---- DATA
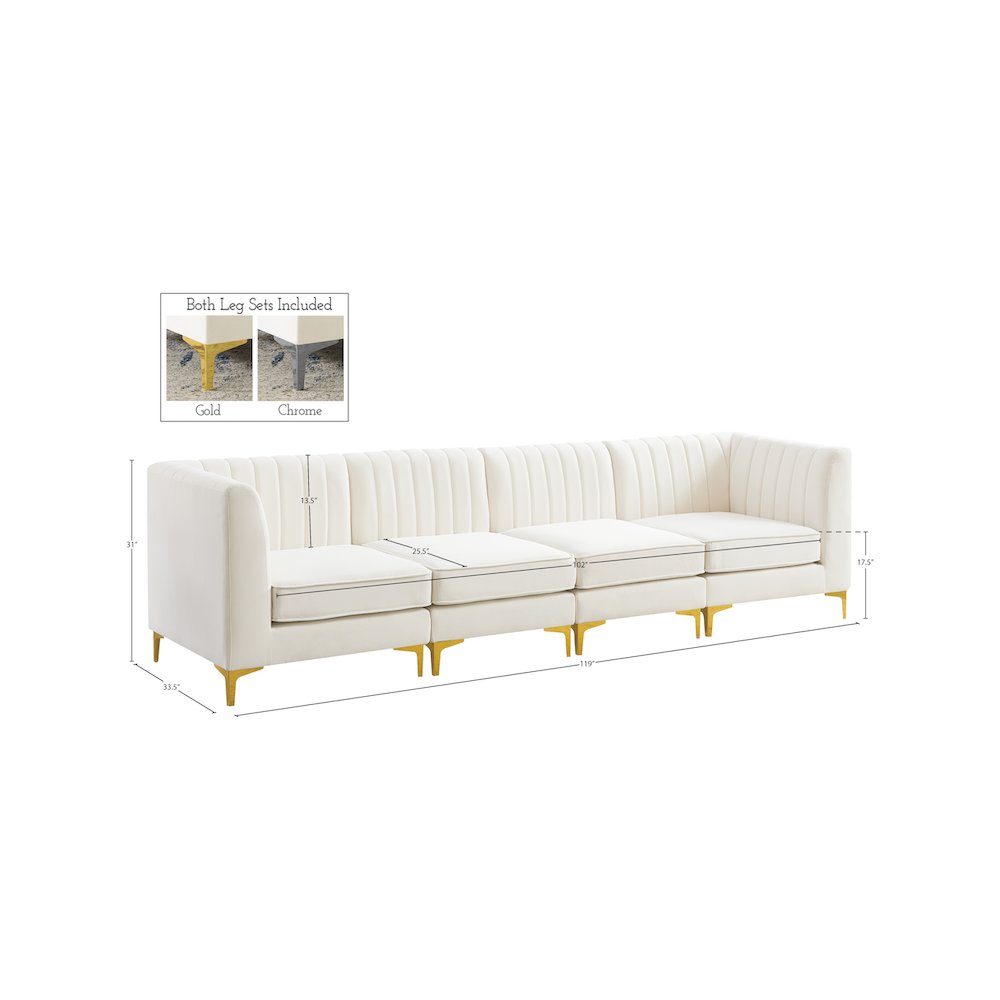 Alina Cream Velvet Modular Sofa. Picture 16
--------
---- DATA
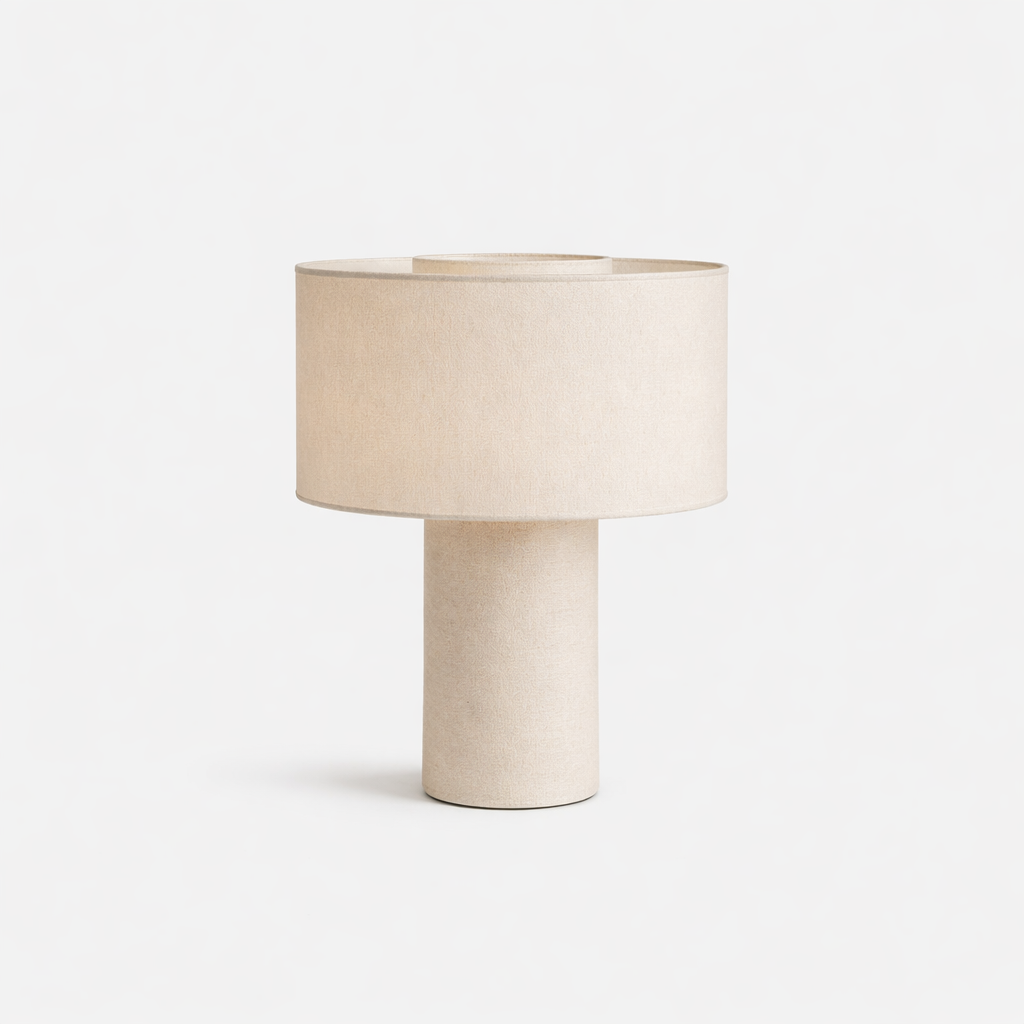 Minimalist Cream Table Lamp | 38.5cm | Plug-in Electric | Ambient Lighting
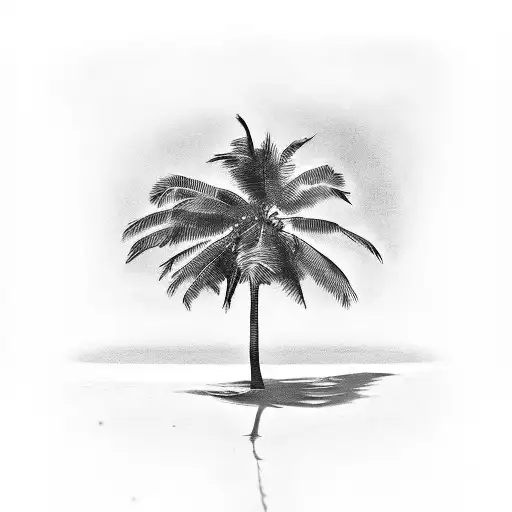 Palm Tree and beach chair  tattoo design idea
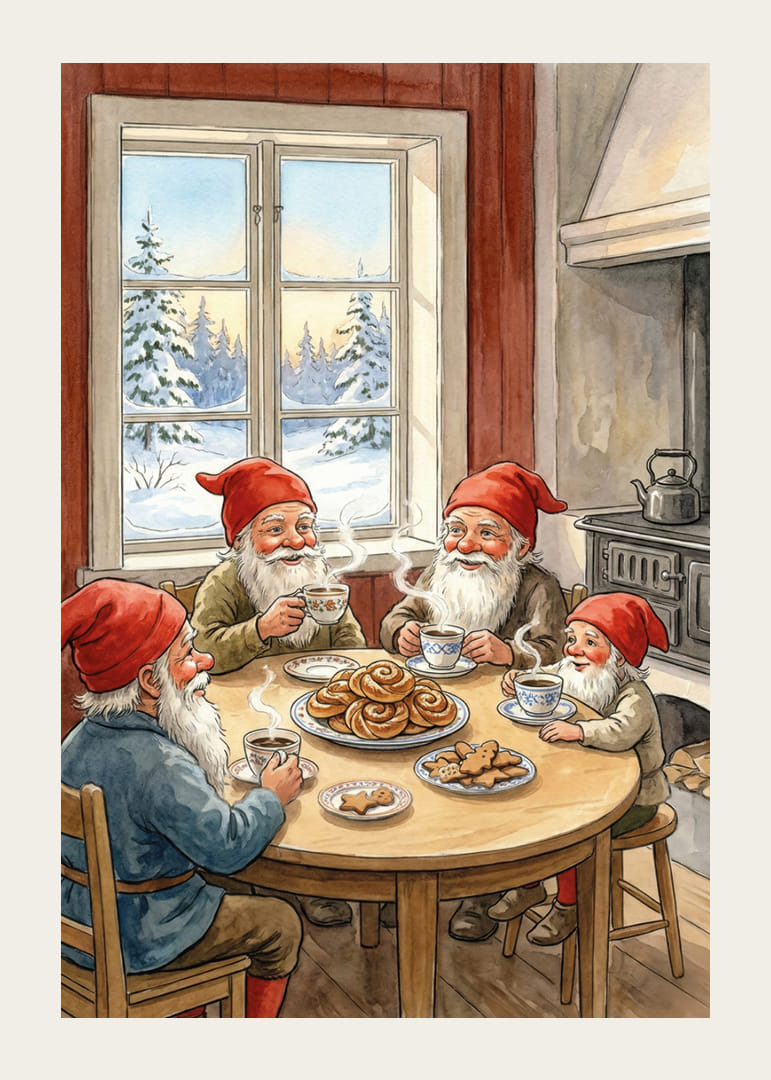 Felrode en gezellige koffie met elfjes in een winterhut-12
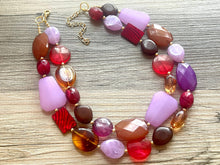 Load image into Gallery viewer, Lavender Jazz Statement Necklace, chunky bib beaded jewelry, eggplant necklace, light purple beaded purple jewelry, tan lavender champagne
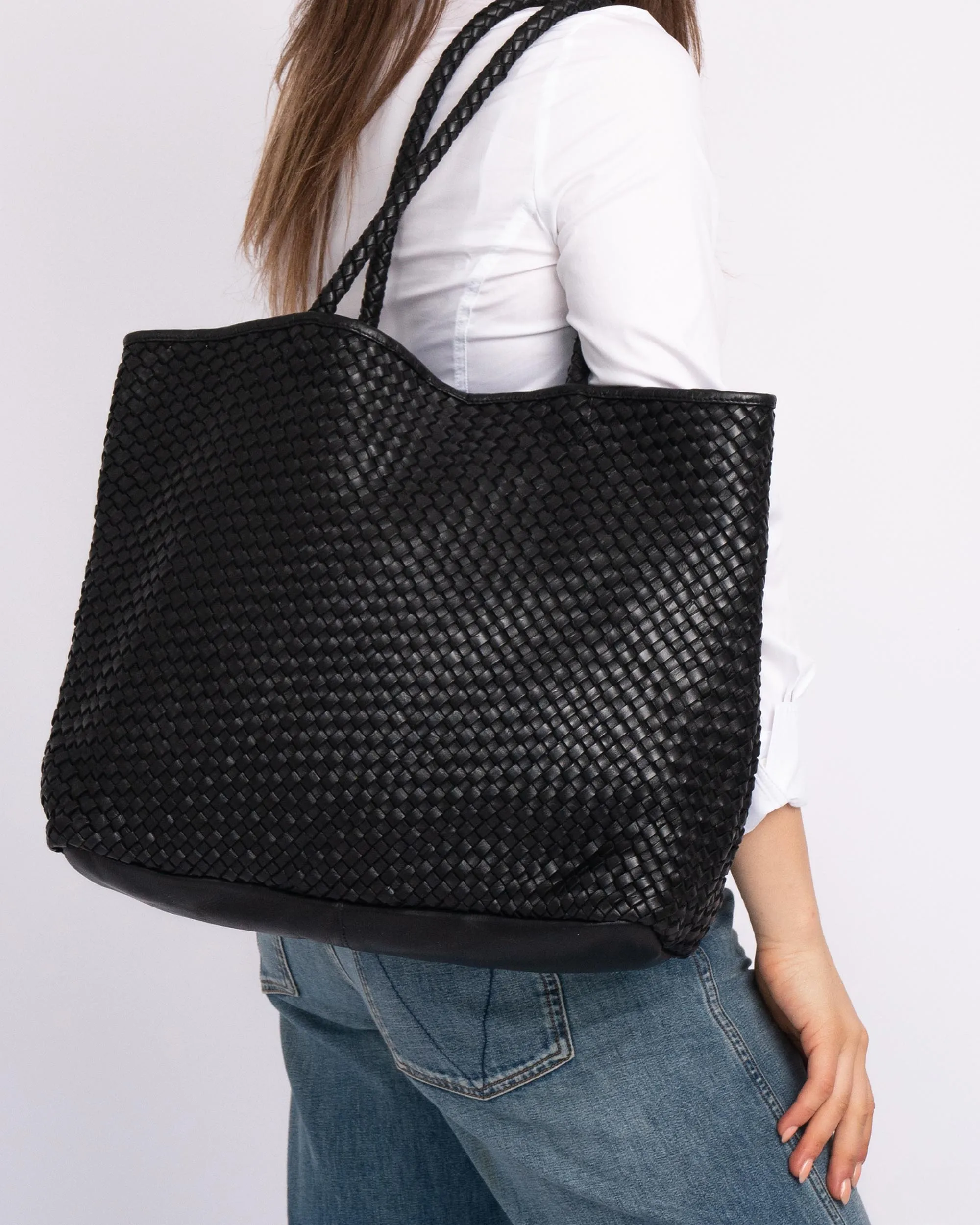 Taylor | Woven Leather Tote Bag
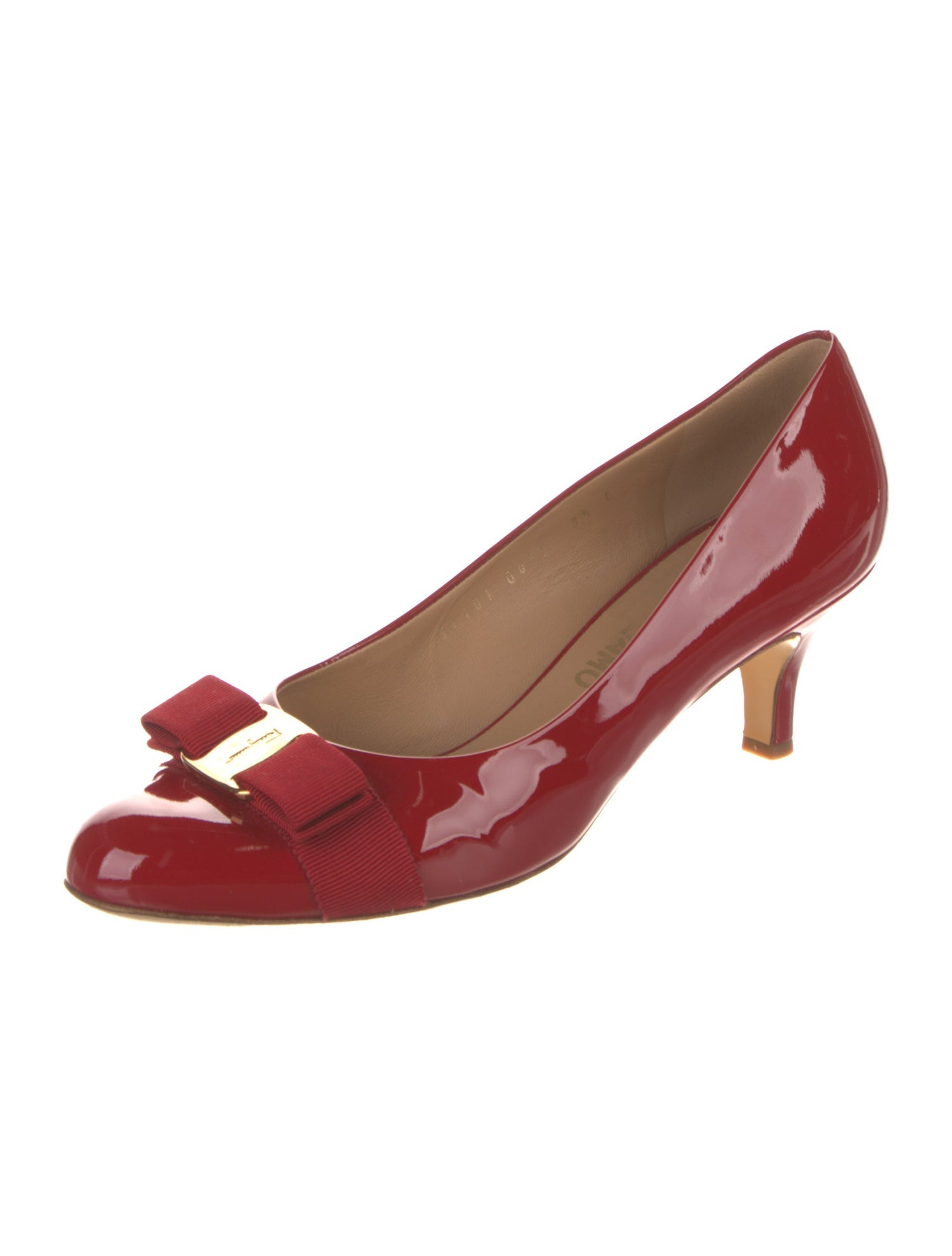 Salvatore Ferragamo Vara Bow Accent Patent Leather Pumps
--------
● WORK TO BE COMPLETED
Within the entries above, the lines from the one containing "Felrode en gezellige" through the one containing "Salvatore Ferragamo Vara" are to be transcribed exactly, ends included, pictures excluded.

● ANSWER SECTION
 Felrode en gezellige koffie met elfjes in een winterhut-12
 Load image into Gallery viewer, Lavender Jazz Statement Necklace, chunky bib beaded jewelry, eggplant necklace, light purple beaded purple jewelry, tan lavender champagne
 Taylor | Woven Leather Tote Bag
 Salvatore Ferragamo Vara Bow Accent Patent Leather Pumps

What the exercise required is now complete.